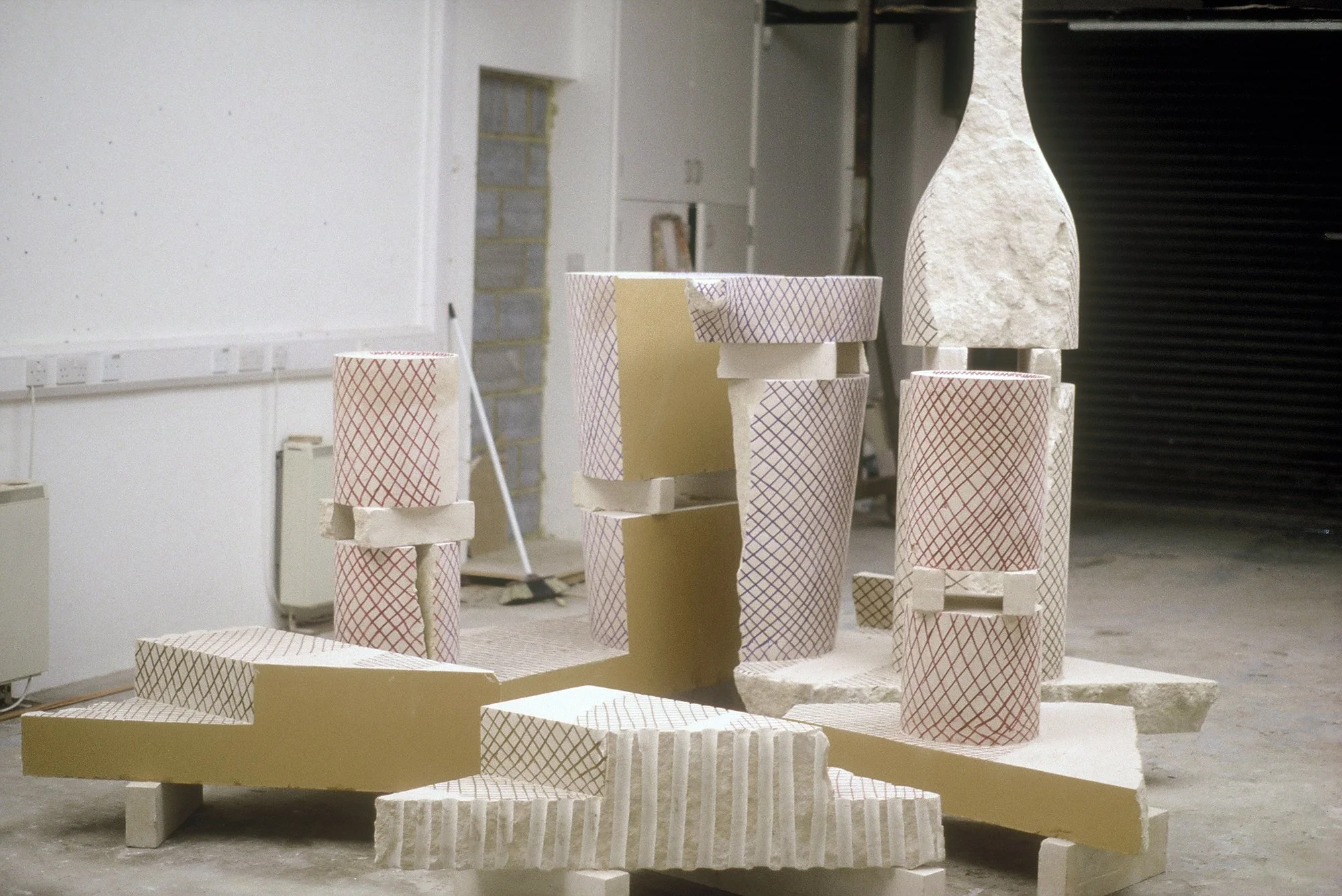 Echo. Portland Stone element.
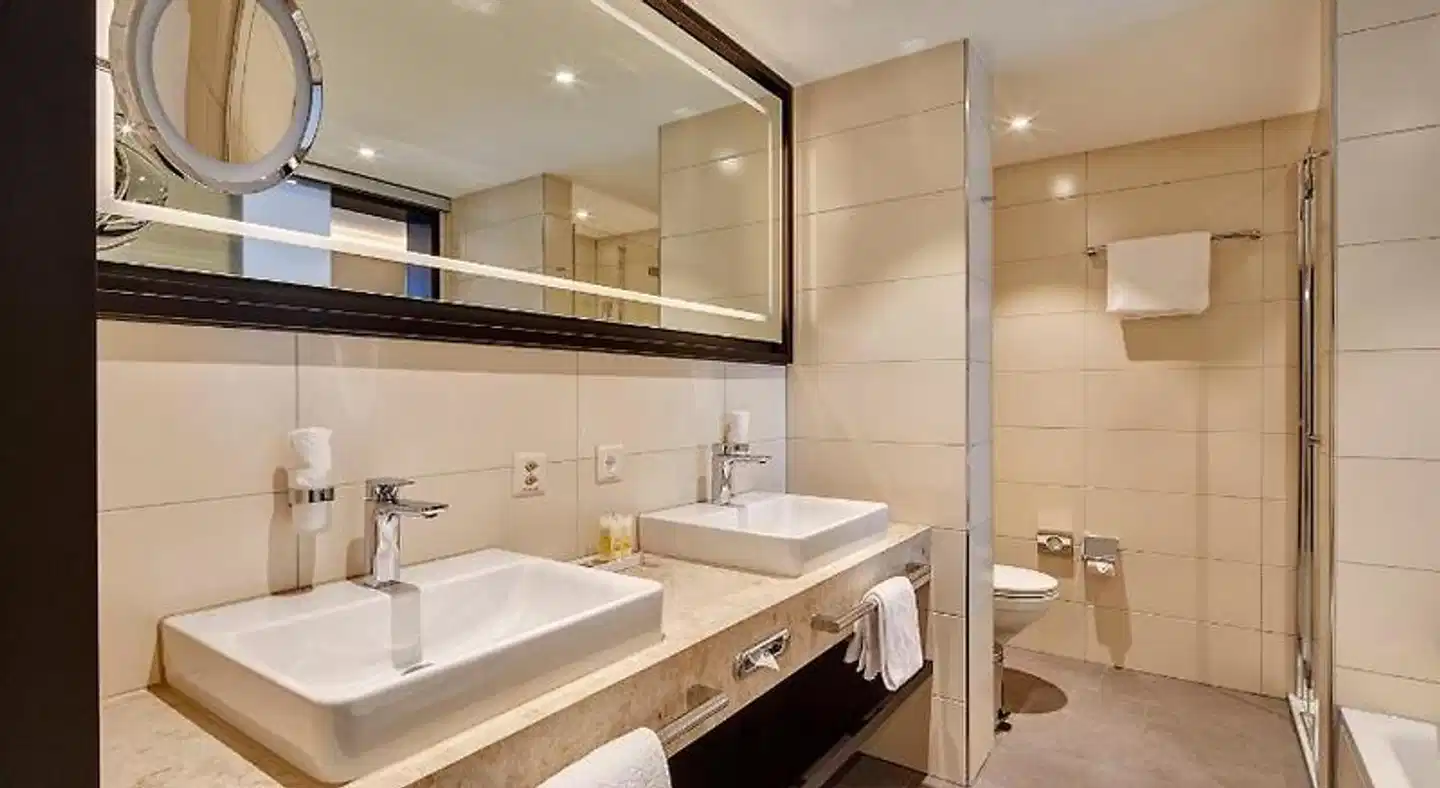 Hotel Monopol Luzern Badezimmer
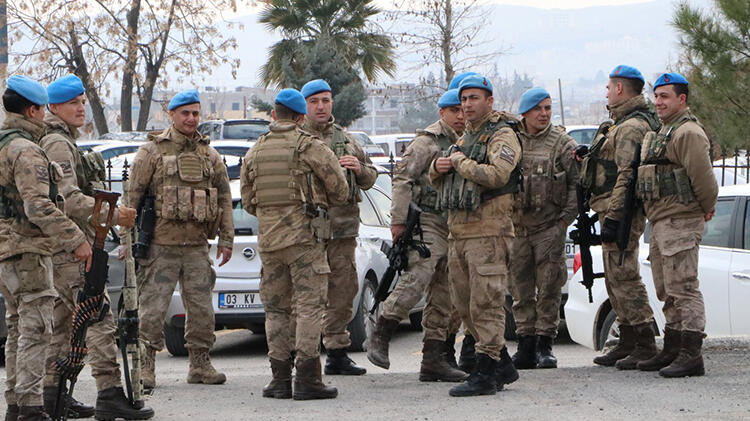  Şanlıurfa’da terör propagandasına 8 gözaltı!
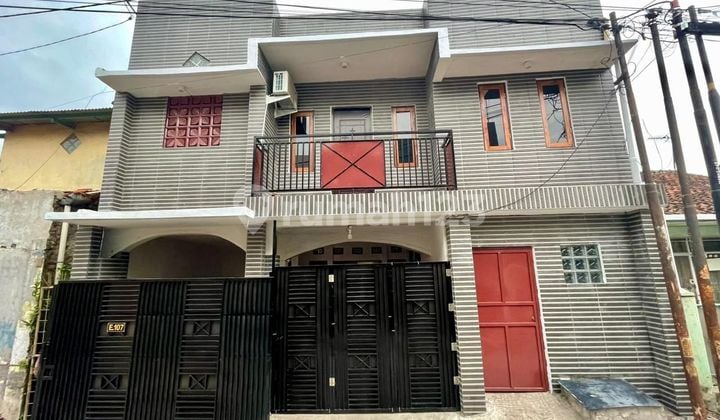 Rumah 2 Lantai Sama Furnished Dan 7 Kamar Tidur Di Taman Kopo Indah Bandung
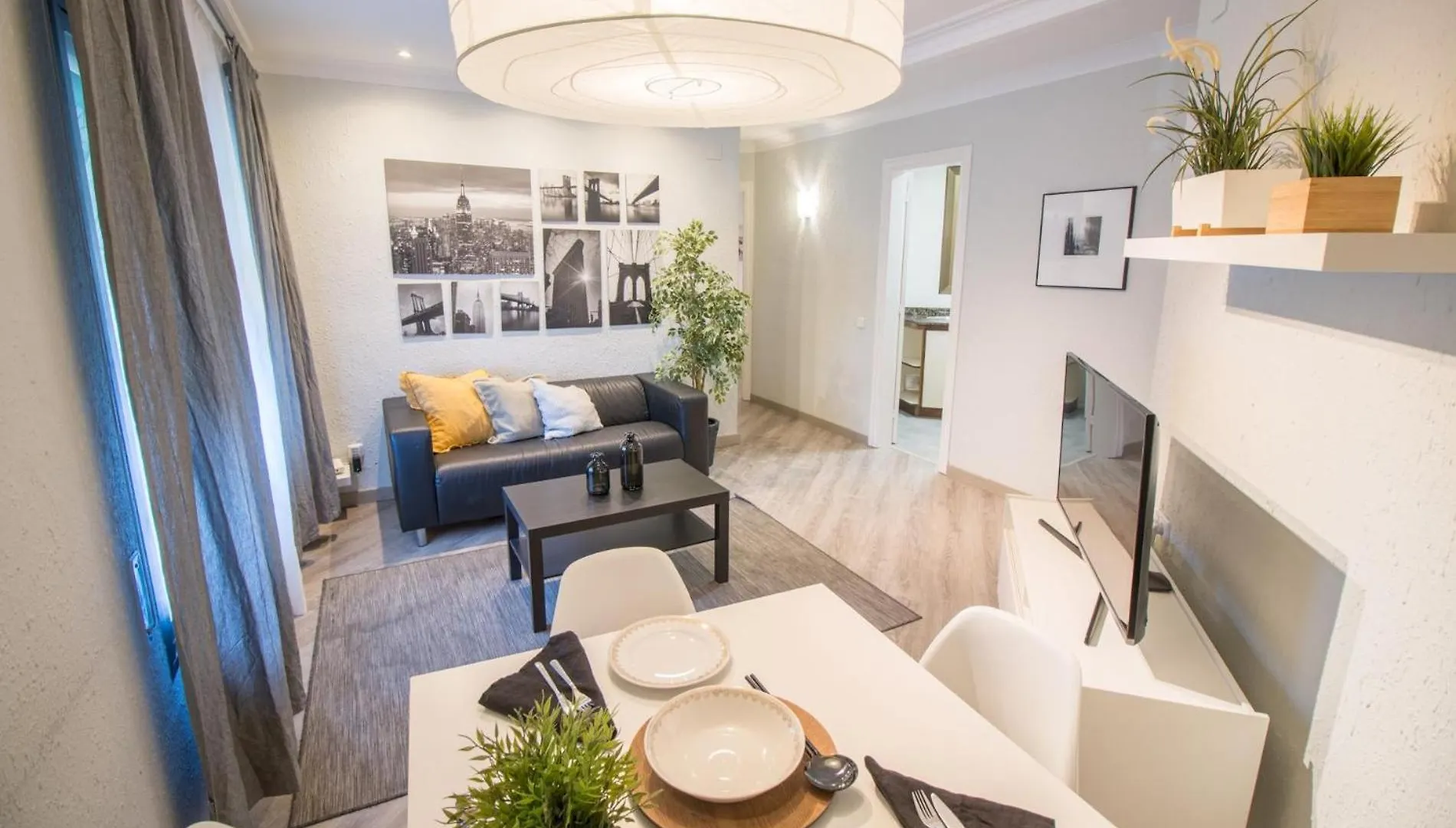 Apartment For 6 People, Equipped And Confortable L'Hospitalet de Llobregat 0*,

- **WHAT IS BEING ASKED**: The answer should match the material exactly, with every picture removed.

- **ANSWER SPACE**:
 Echo. Portland Stone element.
 Hotel Monopol Luzern Badezimmer
  Şanlıurfa’da terör propagandasına 8 gözaltı!
 Rumah 2 Lantai Sama Furnished Dan 7 Kamar Tidur Di Taman Kopo Indah Bandung
 Apartment For 6 People, Equipped And Confortable L'Hospitalet de Llobregat 0*,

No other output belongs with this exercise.